There's gray, and then there's black. I've grudgingly come to accept a certain amount of "superior interpretation" in the upper levels of racing, but nothing makes me madder than a guy in the Blunderbust division hogging out his intake manifold, or building a stroker engine. If you want to cheat, build a car in the headline division and cheat against the best. Tire softener? Those people should be down at the VFW playing bingo, not driving race cars.

13. Its the last lap of a dream race.... who are the drivers and at what track would you like to see them battle it out?
Mike Rowe, Ralph Nason and Jimmy Spencer; three wide with the white flag flying at Thunder Road. None of them would finish, but man, what a wreck!

14. What is the one thing you wish more fans would know about motorsports? How could they possibly learn that one thing?
I wish every fan had to spend one season working on a race car. Pull a few all-nighters patching the car back together or building a new motor from leftover parts, and maybe you won't be so quick to cheer those big wrecks from now on.

15. How do you think racing has managed to keep a somewhat wholesome imagine while other major sports have what seems to be endless scandals involving drugs, crime, etc?
There's no way you can drive a racecar impaired. Try it once, and the other drivers will run you out of Dodge, because you're jeopardizing their life, as well as your own. Also, racing is sponsor driven. The day a NASCAR driver gets busted with a glove compartment full of crack cocaine is the day he becomes unemployed. The sponsors will not put up with that kind of negative publicity, so the sport tends to police itself.

16. What could be done in racing to get it more diverse as far as minority involvement?
There are hundreds of basketball hoops in every inner-city neighborhood, but not a single race track. That's our major problem right now. Minority kids have no exposure to the sport, and as a result, no reason to believe they can grow up to be racers. As television brings racing into the inner cities and urban areas, I think more minorities will become attracted to it. Women are also becoming a bigger part of the NASCAR picture, though none have yet shown the talent to succeed at the top of the ladder. It's coming.

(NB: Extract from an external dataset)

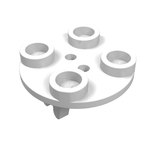 LEGO 2655 Plate, Round 2 x 2 Thin with Wheel Holder in White - Authentic LEGO Part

17. What do you think about imported car manufactors getting into major league auto racing in the USA?
What's imported anymore? Daimler-Chrysler is German, and every other make is manufactured (at least in part) overseas. As far as I'm concerned, the more the merrier.

18. Your choice.... one ticket to a big league NASCAR race or a seasons pass to your favorite local short track... which would you chose and why?
Oh come one, who are you talking to here? Short track, all the way.

19.Where do you see yourself in 5 years as far as motorsports goes?
I like where I'm at, with one foot still in the short-track world, and the other in the Winston Cup arena. I still love the magic of radio, though if someone offers me a few million dollars to stand in front of a camera, it'd be rude not to listen...

20. When you want a break from the world of motorsports, what are some of the things you like to do?
I just finished a 75-80 game basketball and hockey season. It's a nice change of gears (literally), and allows me to stay busy and stay sharp, a little closer to home. I wouldn't know a vacation if it bit me in the backside.